A tiny space probe was dispatched from Earth this morning for a tantalizing tour of comets -- the frozen time capsules that hold the primordial building blocks left over from the creation of our solar system.

The $159 million Comet Nucleus Tour mission, dubbed CONTOUR, will encounter at least two comets to give scientists their closest look at the hearts of these dirty snowballs.

"Humankind has looked at comets for centuries, and yet we know amazingly little about them," said Dr. Colleen Hartman, director of NASA's solar system exploration division.

"Comets may well have brought much of the Earth's oceans and the Earth's atmosphere, as well as the carbon-based molecules to the Earth's surface. If it were not for comets, perhaps we wouldn't even be here," said Dr. Donald Yeomans, CONTOUR science team co-investigator from NASA's Jet Propulsion Laboratory.

"They are the most abundant and least understood bodies in our solar system, and they're important because they are the best-preserved pieces of the solid materials out of which the planets formed 4.6 billion years ago," said Dr. Joseph Veverka, the CONTOUR principal investigator from Cornell University.

CONTOUR is fitted with two cameras and two science instruments to snap the clearest pictures ever taken of the comets' hearts and analyze the dust and gases spewing from the mysterious objects in an effort to understand their structure, composition and how they work.

Scientists also want to know how comets are chemically diverse from one another.

"The reason we want to know that is to address some important questions, not only concerning comets themselves, but concerning the early history of the Earth and the role that comets may have played in it. These are questions really about the chemistry of our Earth and questions about us," Veverka said.

"Can we demonstrate that much of the water that exists in our lakes, rivers and oceans was actually brought to the Earth by comets? Similarly, is it plausible that the air we breathe in our atmosphere actually once was comet stuff? Is it likely that the original input of the molecules that led to the origin of life on the Earth came from comets? Are we, indeed, the progeny of comets? These are some of the exciting questions that the chemical analyses on CONTOUR will attempt to answer."

  Launch
The Delta 2 rocket lifts off to deliver CONTOUR into Earth orbit. Photo: Carleton Bailie/Boeing
 
The spacecraft's voyage began at precisely 2:47:41 a.m. EDT (0647:41 GMT) today when a Boeing Delta 2 rocket blasted off from pad 17A at Cape Canaveral.

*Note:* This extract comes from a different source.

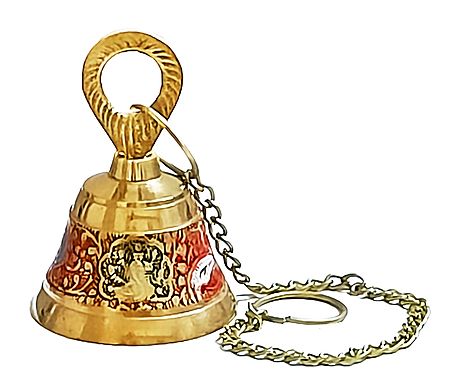 Meenakari Hanging Brass Bell with Chain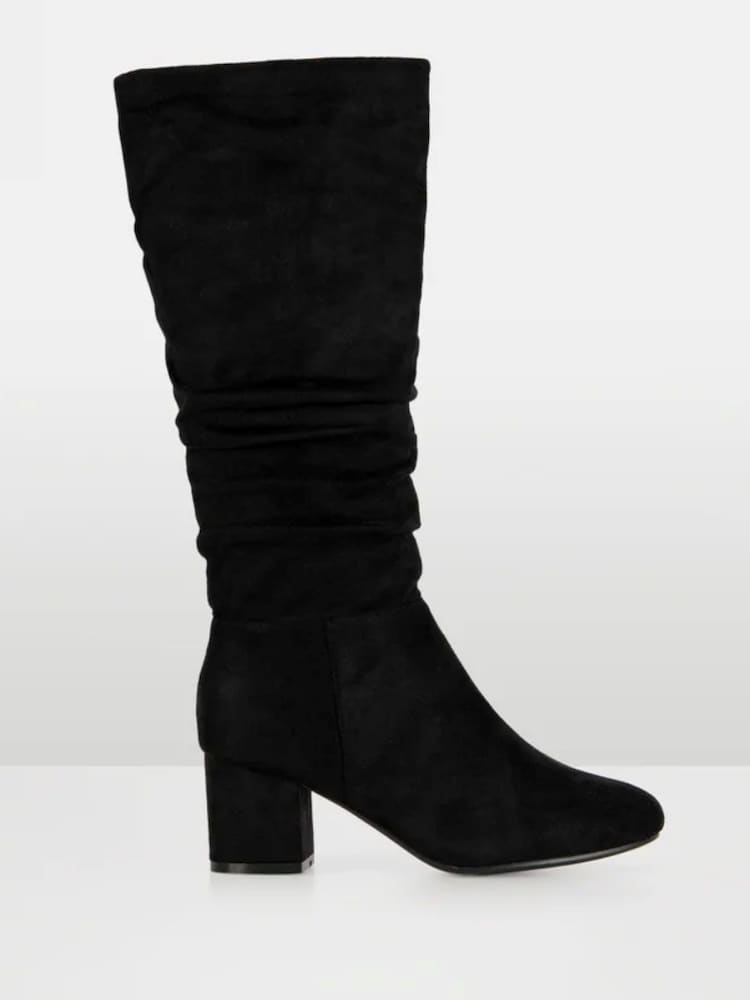 Novo Black Standard Fit ERIN Rouched Block Heel Knee High Boots - Image 2 of 4 Novo Black Standard Fit ERIN Rouched Block Heel Knee High Boots - Image 2 of 4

The three-stage expendable launcher hurled CONTOUR into an extremely elliptical orbit ranging from about 115 miles to 70,000 miles -- a third of the way to the moon -- during a 63-minute flight that started on Florida's East Coast and ended on the other side of the globe, north of Australia.

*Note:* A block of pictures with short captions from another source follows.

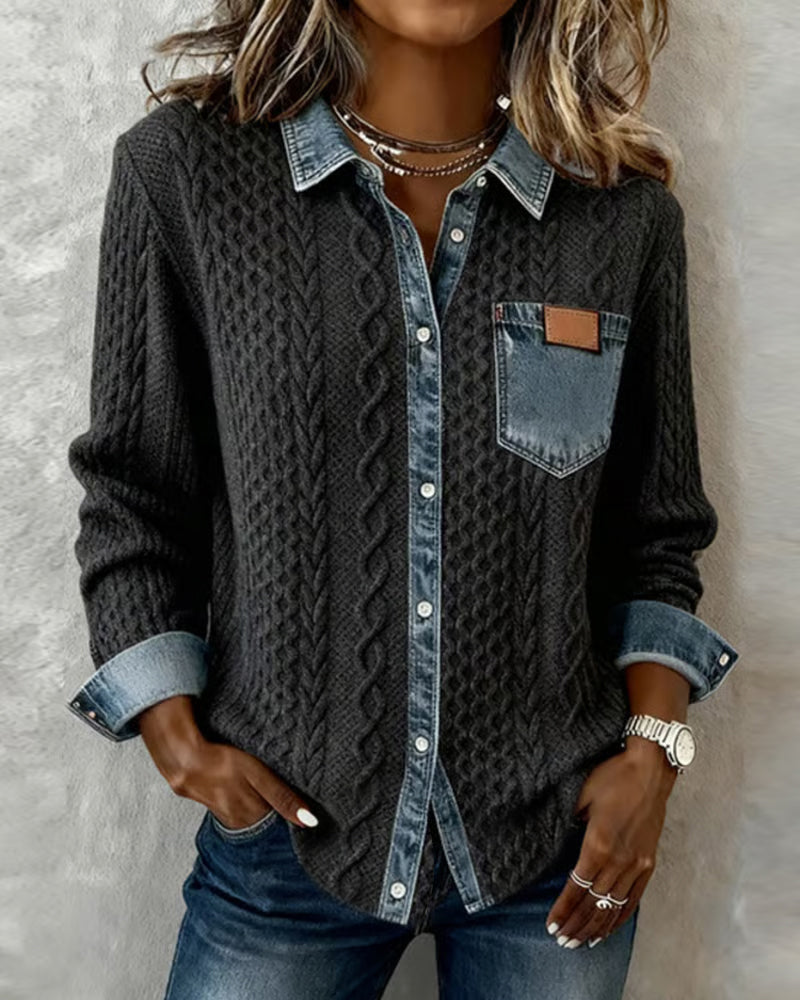 Meryam™ | Knitted Denim Sweater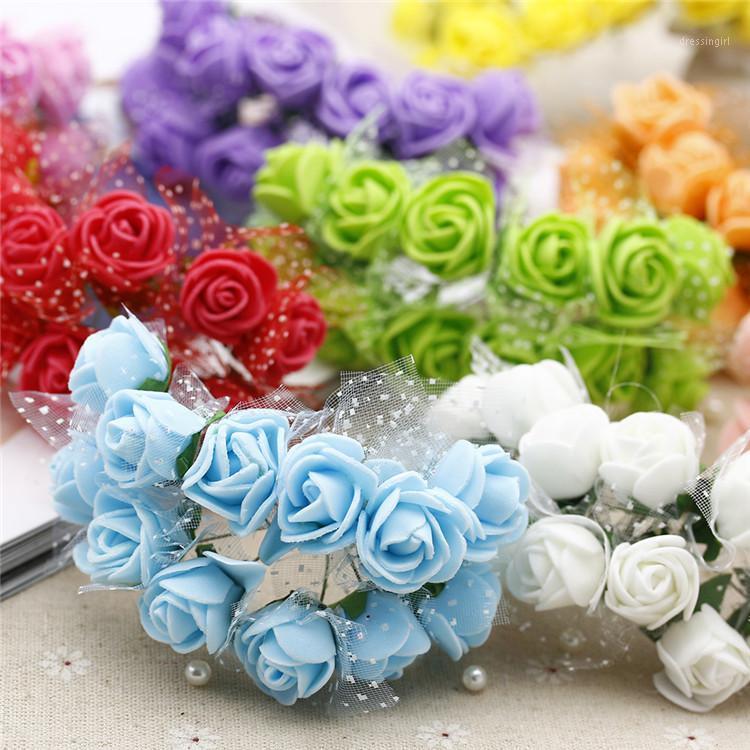 

Hot 12Pcs/bunch 2cm PE Foam Roses Mini Artificial Flower Bouquets For Wedding Bridge Decoration DIY Wreaths Home Garden Supplies1, Blue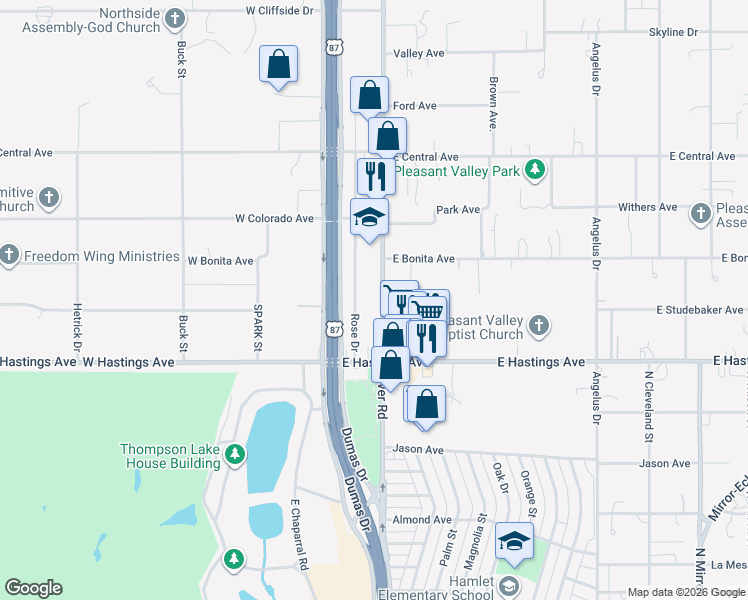 map of restaurants, bars, coffee shops, grocery stores, and more near 4030 Rose Drive in Amarillo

The probe will remain in Earth orbit for six weeks, making a looping orbit every one-and-three-quarters days.

At 4:46 a.m. EDT August 15, while cruising 139 miles above the Indian Ocean, a solid-fueled kick motor on CONTOUR will ignite for a 50-second firing to propel the probe on a Sun-orbiting, Earth-return trajectory, the next leg of its innovative trek called an "indirect launch mode."

CONTOUR will return to the Earth on August 15, 2003, passing within 36,000 miles to use the planet's gravity as a steering wheel to change the craft's orbit to put it on course to rendezvous with comet Encke on November 12, 2003.

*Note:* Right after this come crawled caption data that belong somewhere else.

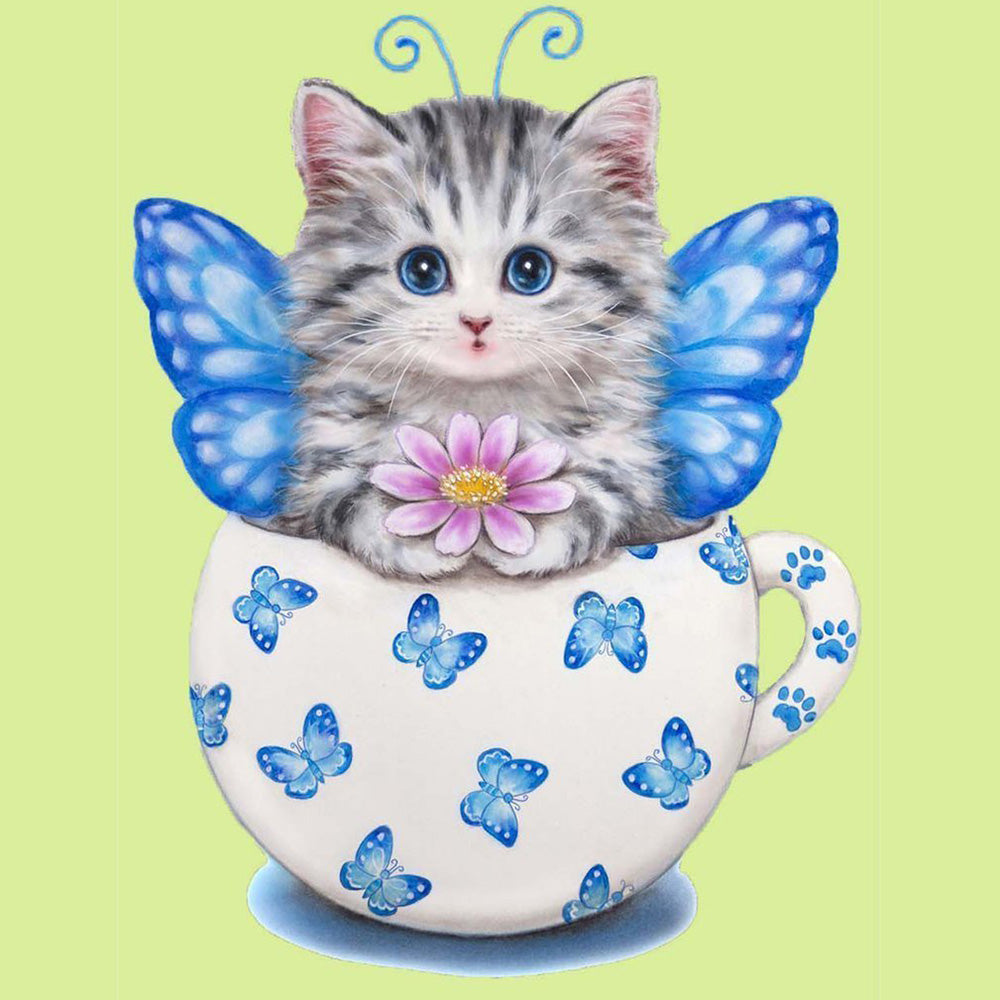Cat with butterfly wings in teacup cross stitch kit for beginners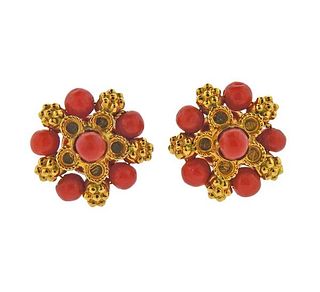 22K Gold Coral Bead Earrings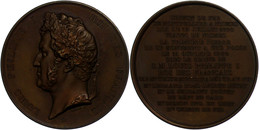 2348 Frankreich, Louis Philippe I., Bronzemedaille (Durchmesser Ca. 52mm, 62,52g),1842, Von Barre, Auf Das Eisenbahnviad - Autres & Non Classés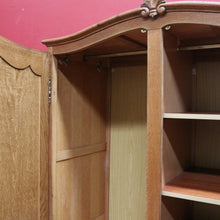 Load image into Gallery viewer, x SOLD Antique French Oak 2 Door Wardrobe Cloak Cabinet with Hanging Rail and Shelves. B12760
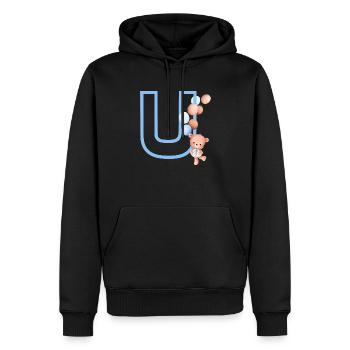 Lettre u bleue ours - Sweat à capuche Premium bio Homme - noir - Devant - Nico (187cm)
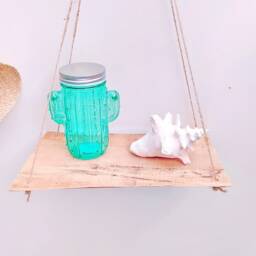 Wooden Hanging Shelf, Bookcase, Wall Shelf For Decoration, Pots, Spices, Candles, Plants, Books - thumbnail 3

"The genius of the CONTOUR mission design is that we're not going out and chasing comets around the solar system -- we're using Earth swing-bys to allow them to come to us," Yeomans said. "So, the encounters themselves take place very close to the Earth. That makes communications easy -- that's why the antenna on the spacecraft is so small. But it also allows ground-based astronomers to participate in a very meaningful way. They can get images of the coma, the atmosphere of the comet, and the large-scale structures at the same time that the CONTOUR spacecraft is actually looking at the nucleus itself."

Flying backwards with its five-layer Nextel and Kevlar dust and debris shield oriented to protect the craft, CONTOUR will pass 62 miles from Encke's heart during the 55,000 mile per hour encounter.

Encke
An artist's illustration of CONTOUR during encounter with Encke, showing what the imagery and data should look like. Photo: JHU-APL
 
"We're basically flying a straight-line trajectory past the comet," Veverka explained. "We come in with the Sun behind us so we see Encke fully illuminated, and at closest approach we would see half-illuminated Encke, and then, going away from Encke, we are essentially looking into the Sun, so we're seeing a crescent illuminated Encke.

"Our plan is to take data both on approach and, when we leave the comet, the chemical instruments will get most of our data over a period of about an hour around closest approach. Most of the high-resolution images occur very quickly, within less than a minute to closest approach. The reason, of course, is that...the flyby speed is almost 30 kilometers per second which, in normal terms, I think is about 55 thousand miles an hour. So we have to do things very quickly."

Discovered in 1786, Encke is an old comet that has made thousands of trips around the Sun, and believed to be about five miles in length.

"The thing to remember about comet Encke is that it is a highly evolved comet. So, although it does have gases and dust coming out forming an atmospheric coma, Encke really does not have the kind of classical tail that you associate with a very bright comet," Veverka said.

"Encke is a tough, blackened old comet that goes around the Sun every 3.3 years. It's the second-closest periodic comet to the Sun, so it's evolved a great deal," said Yeomans.

"It's what we call a transition object, a comet that likely is on its way from being a comet that outgases to, perhaps, an object that has lost its ability to outgas and cannot be differentiated from an asteroid. It's a comet that is on its way to being an asteroidal-type object."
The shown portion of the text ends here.